Mitte Februar 2016: Die Ermittler der Doping-Schwerpunktstaatsanwaltschaft Freiburg betreten Neuland: Erste Durchsuchungen auf Grundlage des neuen Anti-Doping-Gesetzes im Fall des ASV Nendingen. Der Freiburger Oberstaatsanwalt Michael Mächtel sieht in den neuen Möglichkeiten "grundsätzlich etwas Positives: Wir haben dadurch die Möglichkeit, Straftaten zu verfolgen, die Sportler unmittelbar begangen haben sollen."
Eine Anzeige der Nationalen Anti-Doping-Agentur NADA hatte die Ermittlungen ins Rollen gebracht. Ob die am Ende allerdings erfolgreich sind, bezweifelt Sportrechtlerin Anne Jakob: "Ob es zur Anklage kommt, das wird vom Einzelfall abhängen, aber die Frage ist, ob es zu einer Verurteilung kommt - also das sehe ich nicht."
Und das habe eher mit dem Gesetz selbst zu tun als mit den Ermittlungen.
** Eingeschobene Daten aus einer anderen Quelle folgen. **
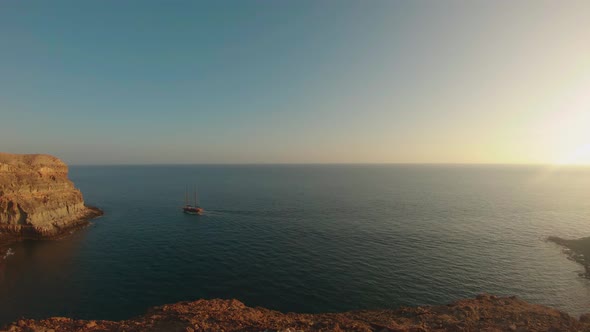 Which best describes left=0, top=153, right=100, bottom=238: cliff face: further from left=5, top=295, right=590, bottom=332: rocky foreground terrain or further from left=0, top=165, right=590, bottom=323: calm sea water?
left=5, top=295, right=590, bottom=332: rocky foreground terrain

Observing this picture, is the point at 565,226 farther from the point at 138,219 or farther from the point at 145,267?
the point at 138,219

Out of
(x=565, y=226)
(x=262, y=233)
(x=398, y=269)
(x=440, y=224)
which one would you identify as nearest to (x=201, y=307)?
(x=398, y=269)

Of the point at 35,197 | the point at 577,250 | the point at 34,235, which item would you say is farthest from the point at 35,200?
the point at 577,250

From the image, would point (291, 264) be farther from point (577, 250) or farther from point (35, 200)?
point (35, 200)

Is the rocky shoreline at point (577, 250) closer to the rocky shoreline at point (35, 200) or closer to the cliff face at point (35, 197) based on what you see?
the rocky shoreline at point (35, 200)

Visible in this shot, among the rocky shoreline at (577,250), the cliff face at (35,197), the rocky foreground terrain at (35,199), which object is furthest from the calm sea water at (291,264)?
the cliff face at (35,197)

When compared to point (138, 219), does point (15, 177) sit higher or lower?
higher

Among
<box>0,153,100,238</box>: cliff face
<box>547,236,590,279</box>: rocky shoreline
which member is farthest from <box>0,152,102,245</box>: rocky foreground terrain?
<box>547,236,590,279</box>: rocky shoreline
Wie die abgelaufen sind, erklärte Oberstaatsanwalt Michael Mächtel im Interview mit dem Deutschlanfunk Ende Februar so:
"Die Hinweise, die die NADA gegeben hat, waren so konkret und substanziell, dass man als Staatsanawalt sagen musste: Ja das ist eine Handhabe und verhältnismäßig, einen Durchsuchungsbeschluss zu beantragen."
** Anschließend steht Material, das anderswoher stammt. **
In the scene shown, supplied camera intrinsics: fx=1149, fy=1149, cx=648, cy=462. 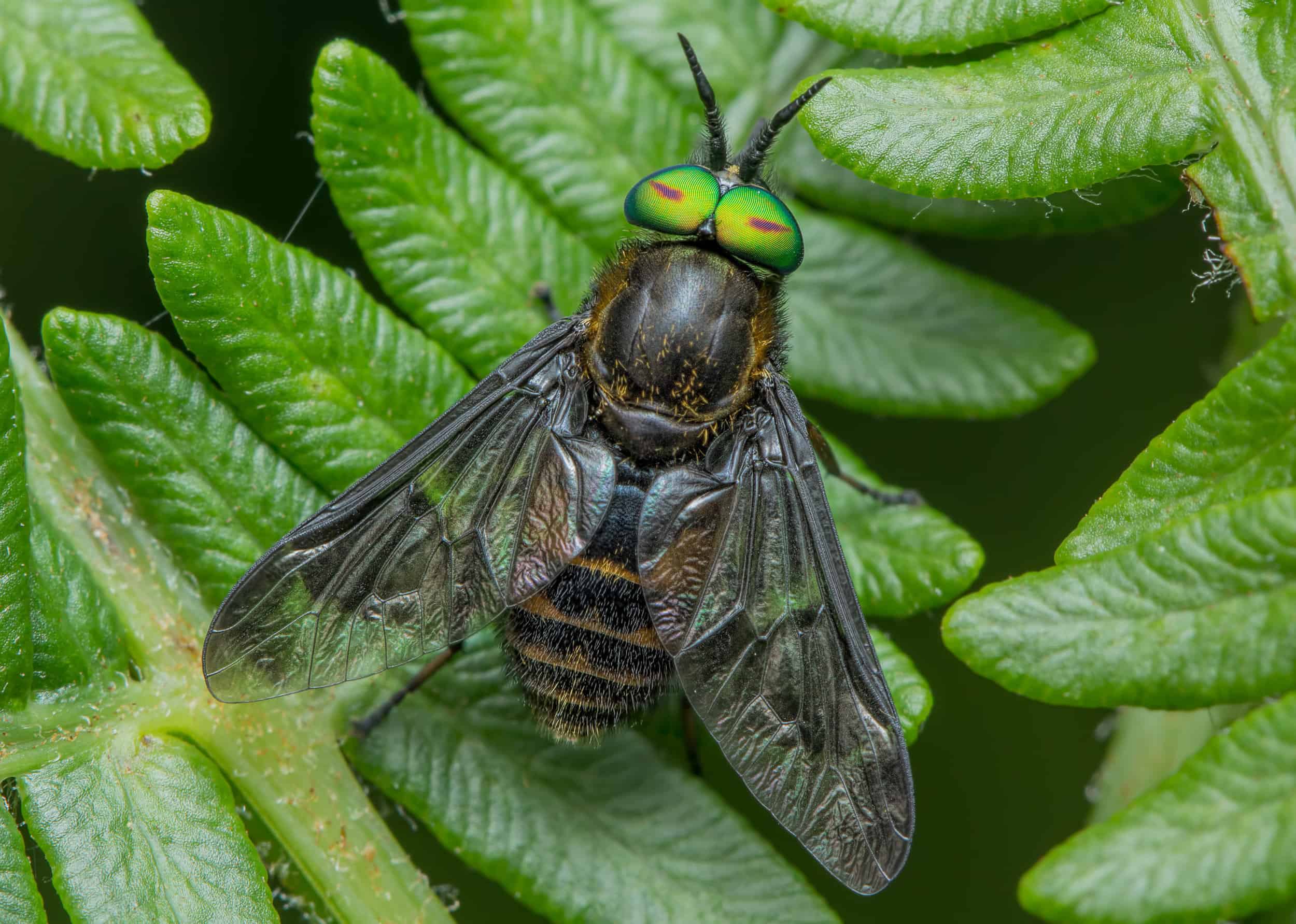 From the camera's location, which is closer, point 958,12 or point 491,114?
point 958,12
Unverhältnismäßiges Vorgehen?
Aber genau diese Verhältnismäßigkeit zweifelt Manfred Zipper an. Der Jurist vertritt einen Trainer und drei Betreuer des ASV Nendingen und hält es für überzogen, "wenn man in dem allerersten Anti-Doping-Gesetz-Fall in der BRD gleich Durchsuchungsmaßnahmen durchführt, Beschlagnahmungen durchführt, in die Intimsphäre von völlig unbeteiligten Personen eingreift."
Aber nicht nur das. Zipper will Beschwerde einreichen. Für ihn ist das gesamte Anti-Doping-Gesetz verfassungswidrig. Diese Ansicht teilt auch Sportrechtlerin Anne Jakob. Ein Grund für sie: "Es wurde ein Rechtsgut geschaffen, was unsere Verfassung nicht kennt: Fairplay im Sport. Solange der Sport nicht im Grundgesetz ist muss man sich schon fragen, wo wurde das jetzt eigentlich hergeholt? Und wenn es schon den Fairplay im Sport betrifft, warum dann nur im Spitzensport und nicht auch im Breitensport?"
Ein Gesetz nur für die 7.000 Leistungssportler im nationalen Testpool, festgelegt von der NADA und den Verbänden? Können diese Organisationen also den Anwendungsbereich eines Gesetzes bestimmen, fragen Kritiker?
Fällt das Gesetz schon bei der ersten Bewährungsprobe durch?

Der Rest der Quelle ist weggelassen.